Тут мистер Доррит задремал было снова, но через минуту вздрогнул и широко раскрыл глаза.
— Я говорю, дорогая миссис Дженерал, о том — кха — строптивом недовольстве — кхм — я бы даже сказал — кха — ревности, которую подчас вызывало у Фанни мое глубокое чувство — кхм — уважения к достоинствам — кха — дамы, с которой я имею честь сейчас беседовать.
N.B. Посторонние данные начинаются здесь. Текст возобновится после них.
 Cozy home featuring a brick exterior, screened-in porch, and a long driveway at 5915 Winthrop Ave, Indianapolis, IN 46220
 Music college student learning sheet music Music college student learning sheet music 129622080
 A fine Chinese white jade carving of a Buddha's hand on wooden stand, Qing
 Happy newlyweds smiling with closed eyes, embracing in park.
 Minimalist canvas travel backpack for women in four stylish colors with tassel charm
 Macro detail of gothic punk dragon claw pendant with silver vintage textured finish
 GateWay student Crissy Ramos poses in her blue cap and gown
— Мистер Доррит, — возразила миссис Дженерал, — всегда несказанно любезен, несказанно великодушен. Если мне минутами и казалось, что мисс Доррит не по душе благосклонное мнение, которое сложилось у мистера Доррита о моих скромных заслугах, само это мнение, бесспорно преувеличенное, было для меня утешением и наградой.
— Мнение о ваших заслугах, миссис Дженерал? — спросил мистер Доррит.
— О моих скромных заслугах, — с грациозным и в то же время выразительным наклоном головы повторила она.
— Только о заслугах, миссис Дженерал? — снова спросил мистер Доррит.
— Я полагаю, — отвечала миссис Дженерал столь же выразительно, — только о заслугах. К чему же еще, — спросила миссис Дженерал, в легком недоумении разведя перчатками, — могла бы я отнести…
— К себе — кха — лично, сударыня — кха-кхм. К себе лично, к своим совершенствам, — был ответ.
— Мистер Доррит извинит меня, — сказала миссис Дженерал, — если я позволю себе заметить, что ни время, ни место не кажутся мне подходящими для начатого им разговора. Мистер Доррит простит меня, если я напомню, что мисс Доррит находится в соседней комнате и отлично видна мне в отворенную дверь. Мистер Доррит не взыщет, если я признаюсь, что чувствую себя несколько взволнованной, обнаружив, что слабости, которые казались мне похороненными навсегда, могут оживать вновь и вновь овладевать моей душой. Мистер Доррит разрешит мне удалиться.
— Кхм. Может быть, мы возобновим наш — кха — интересный разговор в другой раз, — сказал мистер Доррит, — если это, как я надеюсь, не будет — кхм — неприятно для миссис Дженерал.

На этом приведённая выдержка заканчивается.